President Bush’s policies and judicial appointees set the stage for the economic boom of the 1990s and beyond, Gray wrote in the Wall Street Journal:

George Bush did what had to be done, without complaint. His character was his destiny. Privately he didn’t talk about policy but its ultimate goal—the promotion of six words I heard 100 times daily: family, faith and friends; duty, honor and country.

Gray joined “The Ingraham Angle” following a day of tributes in the nation’s capital after the passing of the 41st president of the United States:

INGRAHAM: Boyden, your sense about just how rank the abuse of this moment is just to, again, as Craig said, bash Trump.

C. BOYDEN GRAY, FORMER COUNSEL TO GEORGE H.W. BUSH: It doesn’t make any sense and he wouldn’t have done this — that is, 41 wouldn’t have, and two of Trump’s greatest achievements, deregulation and judges were right out of the Bush playbook. So, I don’t understand why Kristol would turn what was actually a pretty good recital into a negative in the last two sentences. It doesn’t make any sense.

Gray joined CNN’s Jake Tapper’s for a special report remembering President Bush:

Politically, George H.W. Bush was probably most proud of his handling of the break up of the former Soviet Union and the reunification of Germany, but personally he was most proud of his family, former White House counsel C. Boyden Gray told Jake Tapper.

Gray reflected on the president’s death for Houston’s KHOU11 television news:

He was a giant. He was a man of extraordinary character and integrity, but at the same time a great deal of love, a great deal of humility, and a great deal of humor. He had a great sense of humor. . . . I can’t tell some of the jokes because you’re a family broadcasting station.

Gray spoke with NPR’s Michel Martin about the two Supreme Court vacancies that President George H.W. Bush filled:

He knew [Clarence] Thomas in some ways better than I knew him because he had worked with him in the Reagan administration, and he knew what Thomas was capable of.
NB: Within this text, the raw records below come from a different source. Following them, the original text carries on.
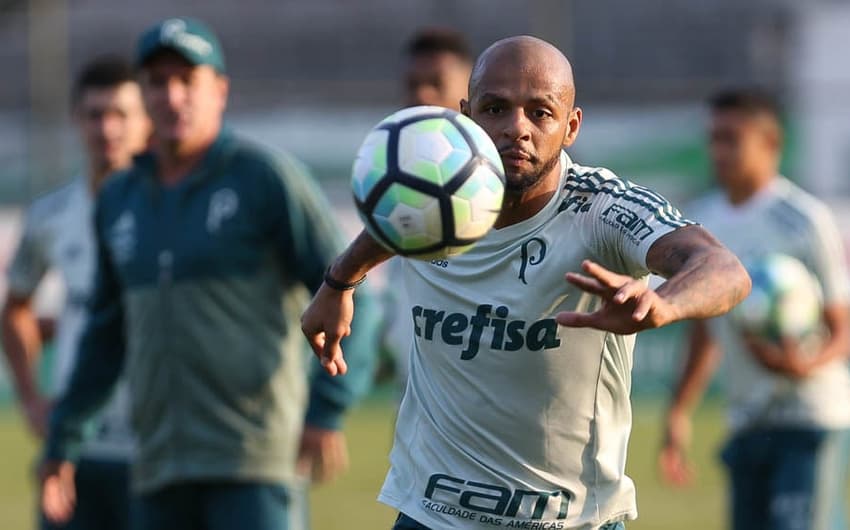 Felipe Melo em treino do Palmeiras
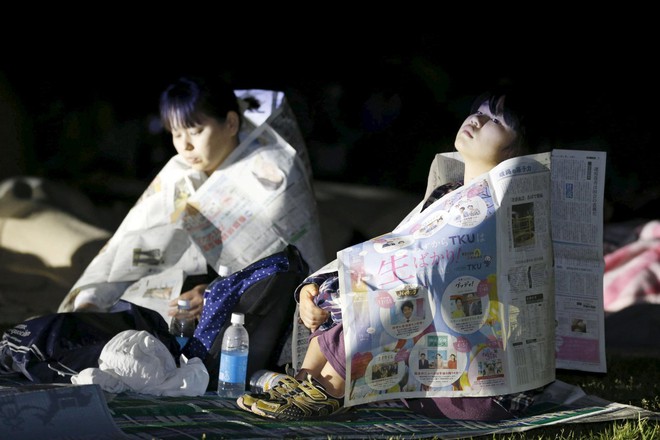 Người dân Nhật qua một đêm hoảng sợ và sẽ có nhiều đêm sắp tới lo lắng khi nhà cửa đổ sập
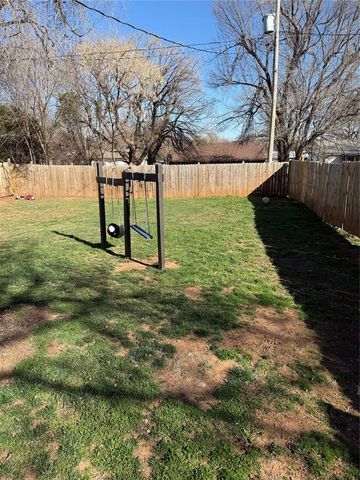 507 S 6th St., Noble, OK 73068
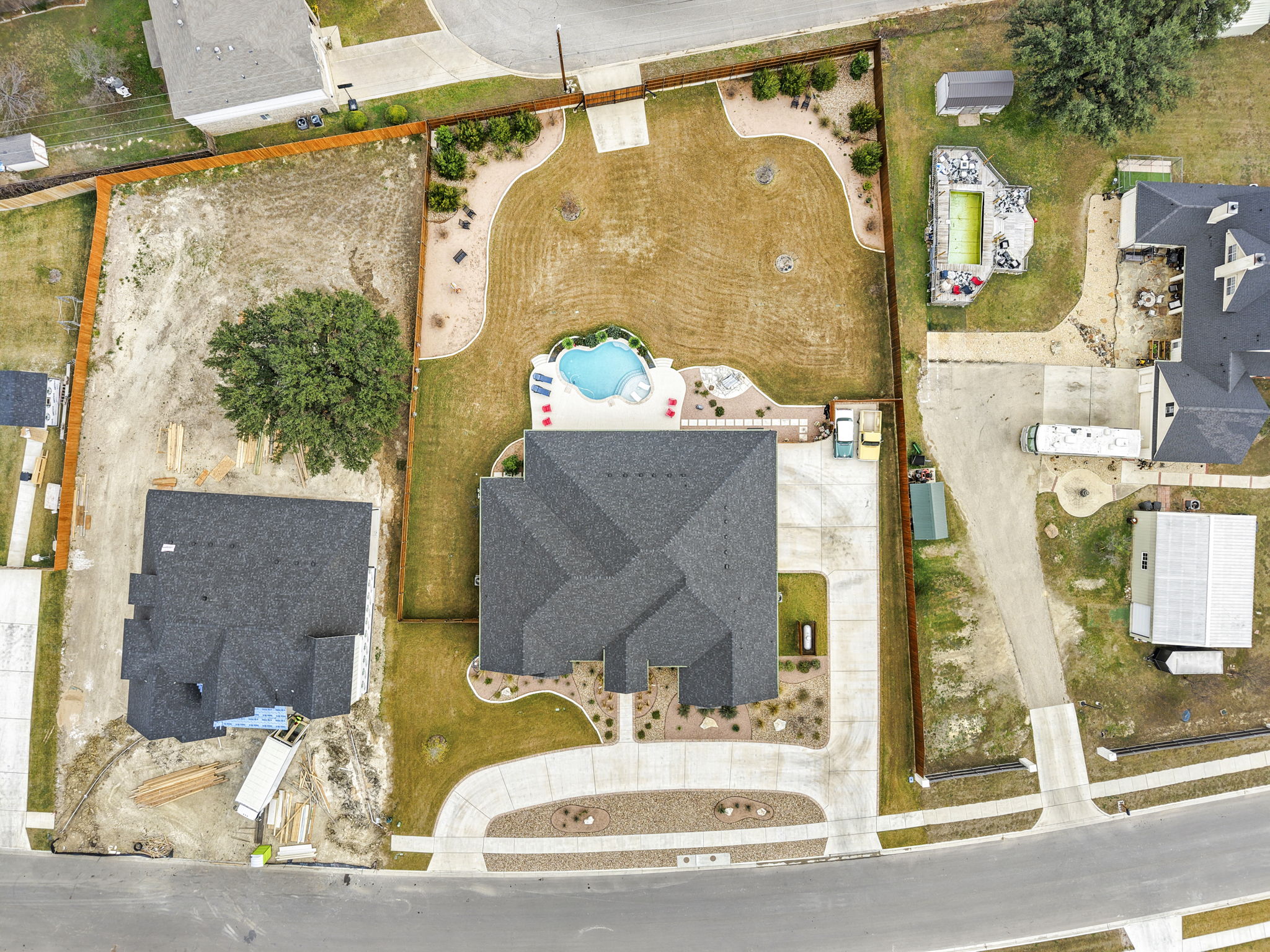 main property photo 37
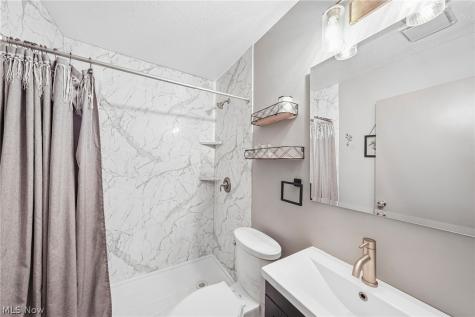 2790 Marks Road Valley City OH 44280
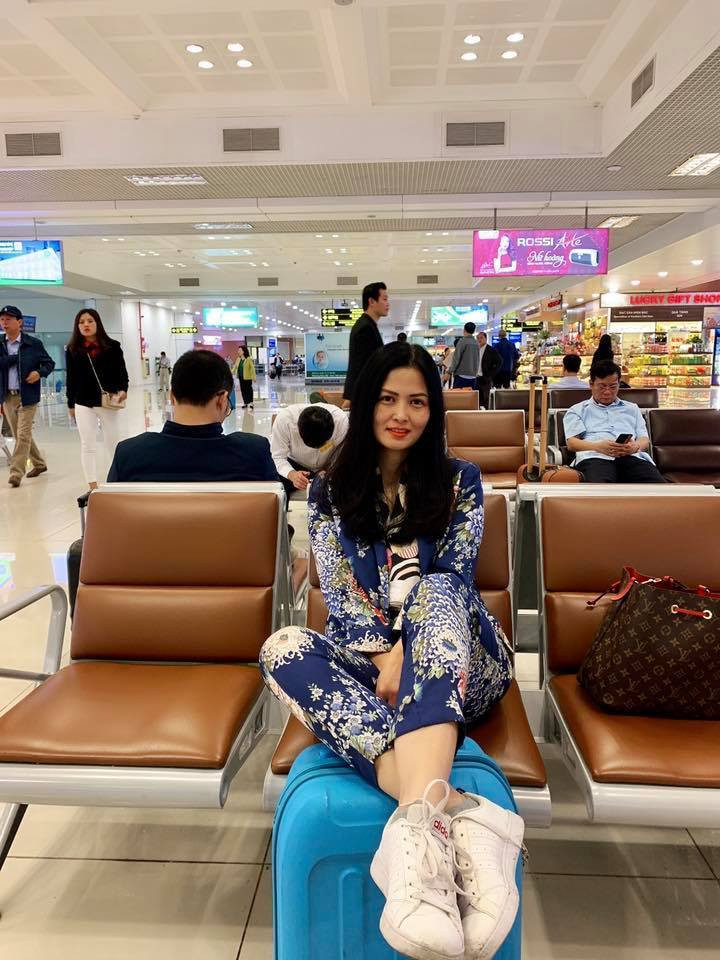 Nhan sắc thật của người phụ nữ làm ông Sơn chao đảo trong "Về nhà đi con“ ảnh 13 Nhan sắc thật của người phụ nữ làm ông Sơn chao đảo trong Về nhà đi con-14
He knew how brilliant he was. And so he knew as much as any of us. That’s unusual for a president to know a candidate that well. That’s unusual.

Having worked for both presidents, Ambassador Gray talked with USA Today about the relationship between President George H.W. Bush and his son, President George W. Bush:

“The father was very proud of his son, and very loving and very supportive but not very prescriptive,” said C. Boyden Gray, White House counsel to George H.W. Bush who worked for George W. Bush as ambassador to the European Union. “I don’t think he gave detailed advice, if he was asked.”